4.1.2.1. Classes and functions

class hop.density.BfactorDensityCreator(pdb, delta=1.0, atomselection='resname HOH and name O', metadata=None, padding=1.0, sigma=None)

Create a density grid from a pdb file using MDAnalysis.

dens = BfactorDensityCreator(psf,pdb,…).PDBDensity()

The main purpose of this function is to convert crystal waters in an X-ray structure into a density so that one can compare the experimental density with the one from molecular dynamics trajectories.

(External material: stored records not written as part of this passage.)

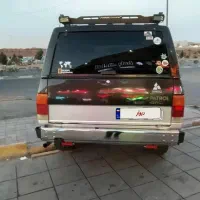 پاترول ۲در آفرود|خودرو سواری و وانت|کرج, فاز ۴ مهرشهر|دیوار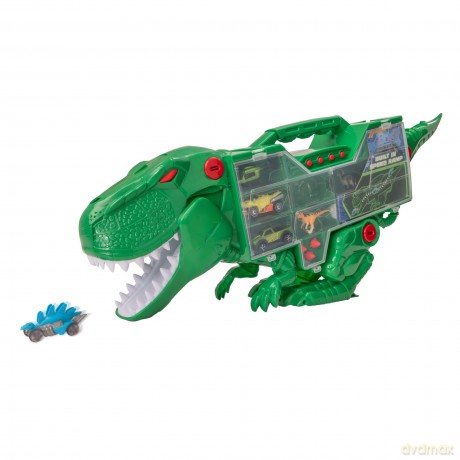 Transporter Dinozaur T-Rex TEAMSTERZ 1417559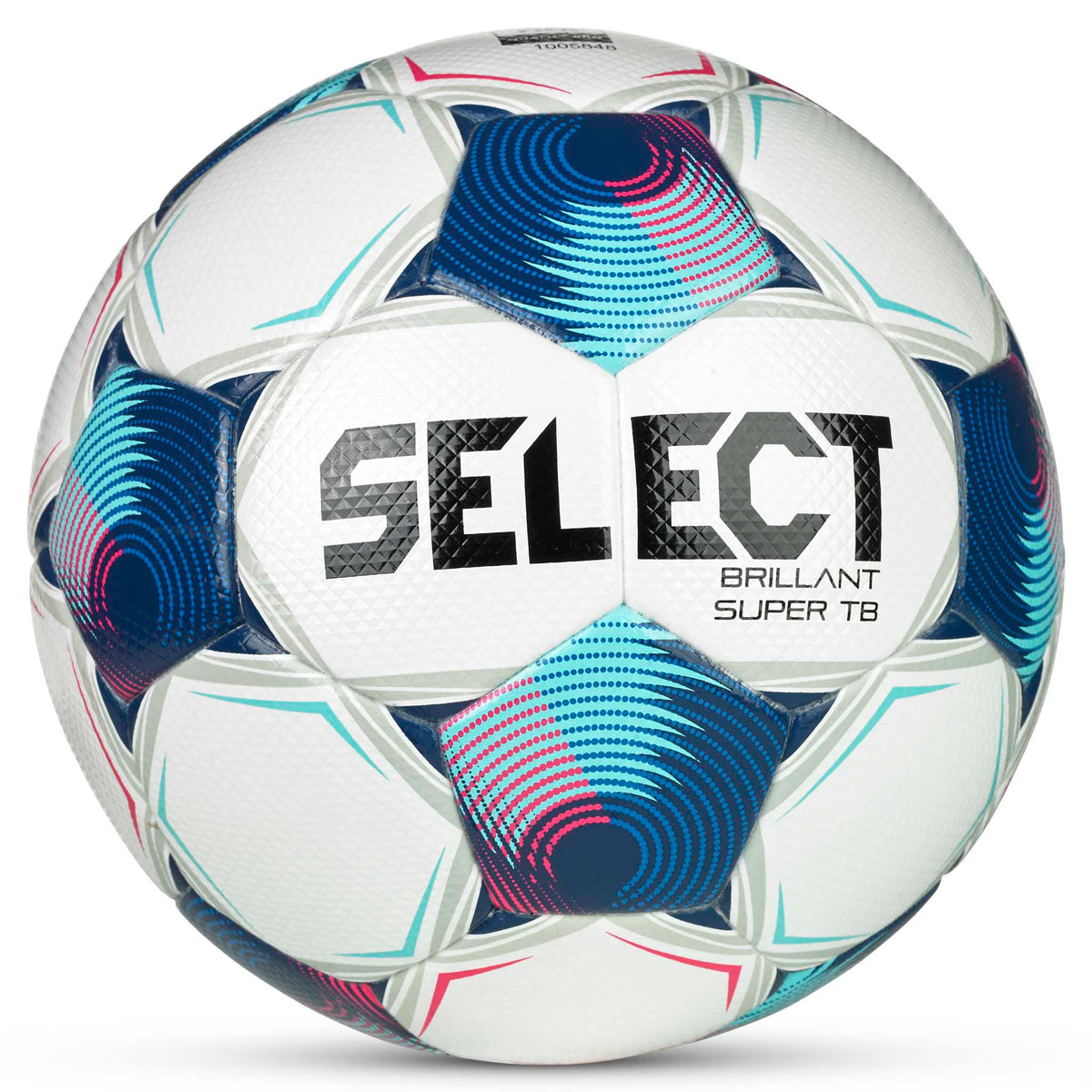Ballon De Match Officiel Select Brillant Super TB - Liga Portugal 2020/21 - Occasion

Because a pdb is a single snapshot, the density is estimated by placing Gaussians of width sigma at the position of all selected atoms.

Sigma can be fixed or taken from the B-factor field, in which case sigma is taken as sqrt(3.*B/8.)/pi.

TODO:

  • Make Gaussian convolution more efficient (at least for same sigma) because right now it is VERY slow (which may be acceptable if one only runs this once)
  • Using a temporary Creator class with the PDBDensity() helper method is clumsy (but was chosen as to keep the PDBDensity class clean and __init__ compatible with Density).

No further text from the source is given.